Dataset extract
□ □ □ □

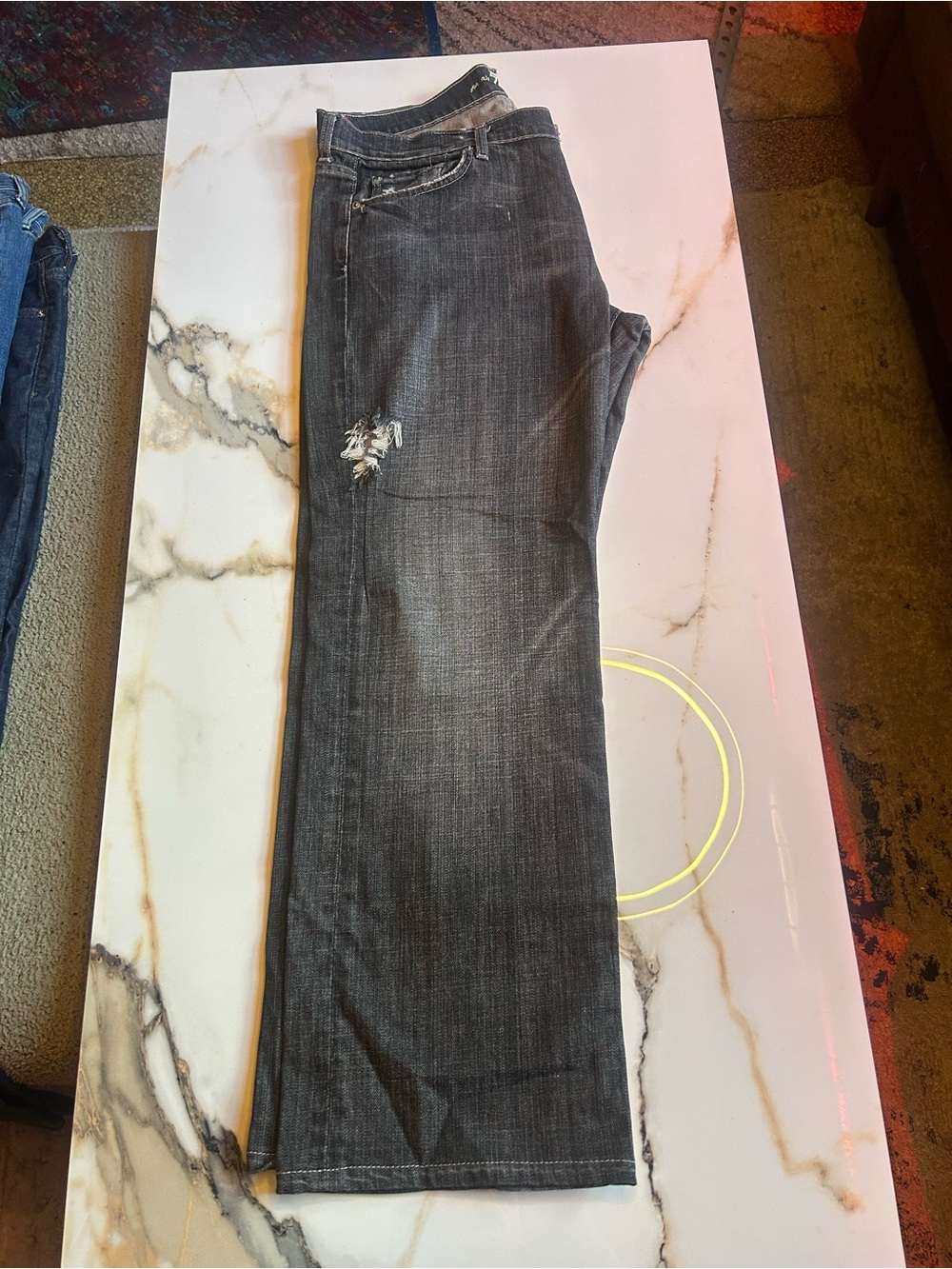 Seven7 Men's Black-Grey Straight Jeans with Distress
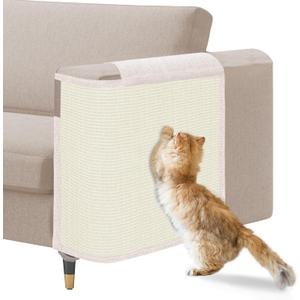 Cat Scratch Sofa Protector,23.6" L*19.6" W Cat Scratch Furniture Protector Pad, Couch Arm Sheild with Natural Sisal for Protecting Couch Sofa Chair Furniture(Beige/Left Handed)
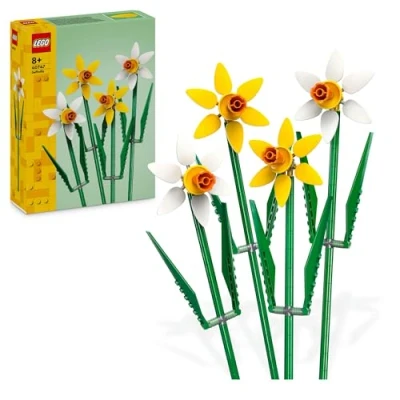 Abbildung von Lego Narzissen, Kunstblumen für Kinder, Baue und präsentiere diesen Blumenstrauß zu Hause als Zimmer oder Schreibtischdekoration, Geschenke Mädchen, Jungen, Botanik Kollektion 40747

□ □ □ □

What this task involves
Nothing but the lines from the one holding "Cat Scratch Sofa" through the last line of the listing should appear in the answer, copied exactly and without pictures.

Exercise answer
 Cat Scratch Sofa Protector,23.6" L*19.6" W Cat Scratch Furniture Protector Pad, Couch Arm Sheild with Natural Sisal for Protecting Couch Sofa Chair Furniture(Beige/Left Handed)
 Abbildung von Lego Narzissen, Kunstblumen für Kinder, Baue und präsentiere diesen Blumenstrauß zu Hause als Zimmer oder Schreibtischdekoration, Geschenke Mädchen, Jungen, Botanik Kollektion 40747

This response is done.